Weaknesses and the Future of Telehealth and Telemedicine
There is little doubt that among the largest weaknesses within the telehealth industry that have been exposed by the Covid-19 outbreak, is the physical infrastructure itself. While this may not be an issue in larger cities, neither, as a rule, is the ability to actively engage certified medical interpreters, medical specialists and an ability to accommodate the needs of most patients.
In more rural areas, the requisite infrastructure is often lacking, and the inability to participate in a more seamless and interruption free consultation may inhibit patients from fully utilizing telehealth services.
There also appear to be issues and concerns in regards to the actual interface and the ability of the patients to verify both their data and their identity. This particular challenge within the telehealth and telemedicine industries has the potential to be much more devastating at present.
There certainly needs to be some means to ensure the privacy of both the patient and their data, but in rural areas where older, less “technically savvy” people are more likely to be telehealth candidates, this can still be a major concern. These people are also going to be among those most challenged by difficult computer interfaces.
Strengths and the Future of Telehealth and Telemedicine
Conversely, look for many improvements in the telehealth industry over the coming months and years as the lessons learned from the Covid-19 outbreak are explored, addressed and rectified. Look for an increasing number of investors to vigorously push the telehealth industries through technological advances and the establishment of new corporations with more of a focus specifically on the telehealth care industries.
Look for an increasing number of translation companies and medical interpreters to form larger groups of remote, certified medical interpreters that will be on call during the day or night to provide remote medical interpretation services for hospitals and other large-scale or group healthcare facilities.
In the coming decade, look also for an increasing number of “smart devices” to be developed specific to the telehealth industry. Among the most promising at present are many devices for tracking the health of the individual and for issuing warnings any time there is a physical problem with a person.

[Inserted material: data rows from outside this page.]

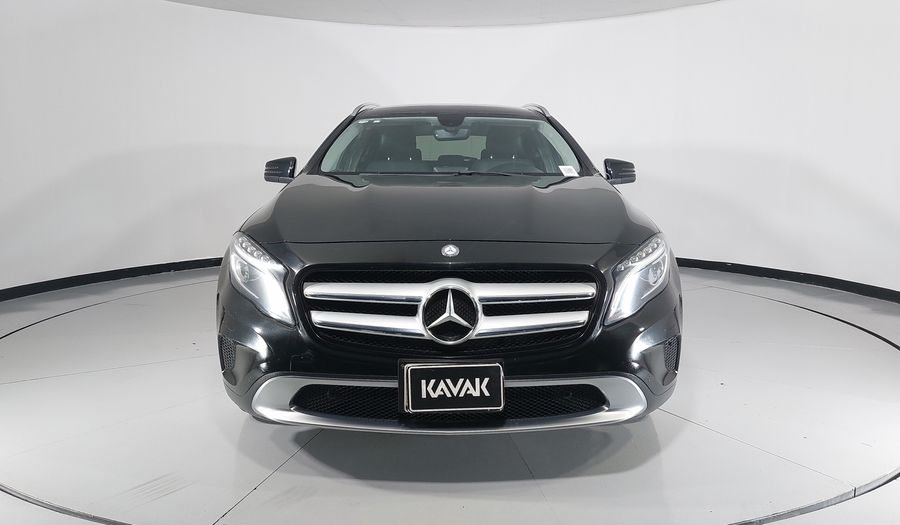 Mercedes Benz Clase Gla 1.6 GLA 200 CGI SPORT Suv 2015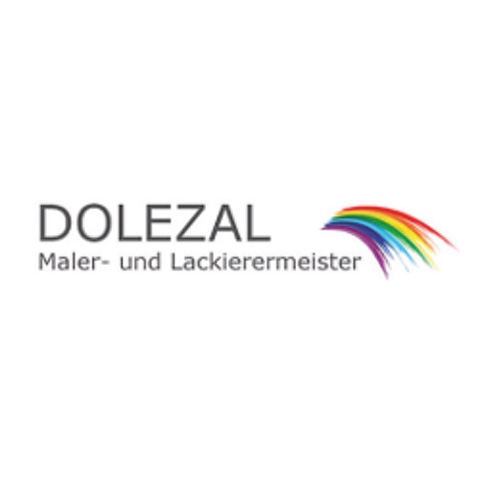 Logo des Unternehmens: Dolezal Baudekoration GmbH & Co. KG
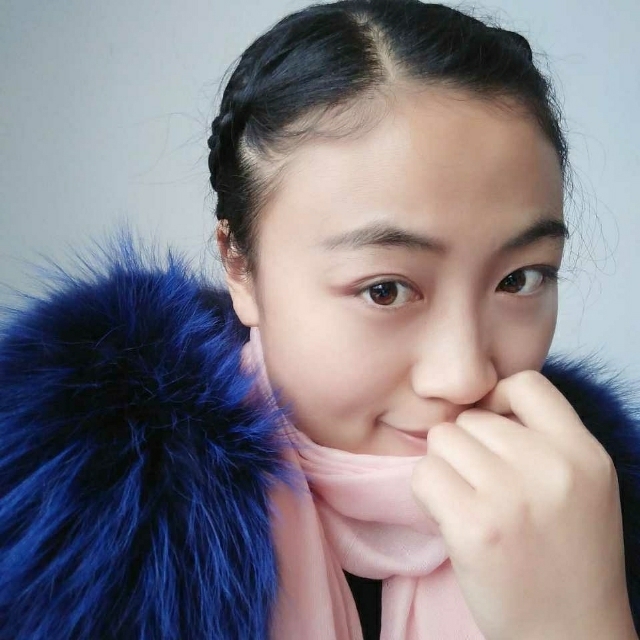 潇湘薇薇的第三张照片--晋江相亲网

There is also very like going to be an additional increase in the use of telemedical devices that can actually assist with diagnosis and treatments for the individuals. While these devices may occasionally be large and unwieldy, look for them to be implemented more frequently in outpatient care and treatment.
This last point also brings us to look at government experts who have indicated that there is an ongoing push for more telehealth services to be covered and eligible for insurance, full payment or even reimbursement programs to offset the cost of these devices.
While the increases in production and use will eventually drive prices down, the ability to supplement the original programs should lead to benefits in both knowledge and an improvement of the systems and in an ultimate reduction in costs.
Along these same lines, it is also possible that there will be a relatively minor uptick in the free use of these offsite or in-home medical devices for the purposes of testing. While these programs may be fewer in number, they will undoubtedly lead to real-world results based on real-world scenarios and greatly help in the improvement of telehealth services for everyone.
Finally, look for a more patient centered user experience in the telehealth and telemedicine fields. The technological revolution is no longer a distant science fiction dream, but a stark reality of the world we live in today. While there may be some more of the proverbial speed bumps and other obstacles to overcome, look for an overall increase in the use of telehealth medicine from here on into the foreseeable future.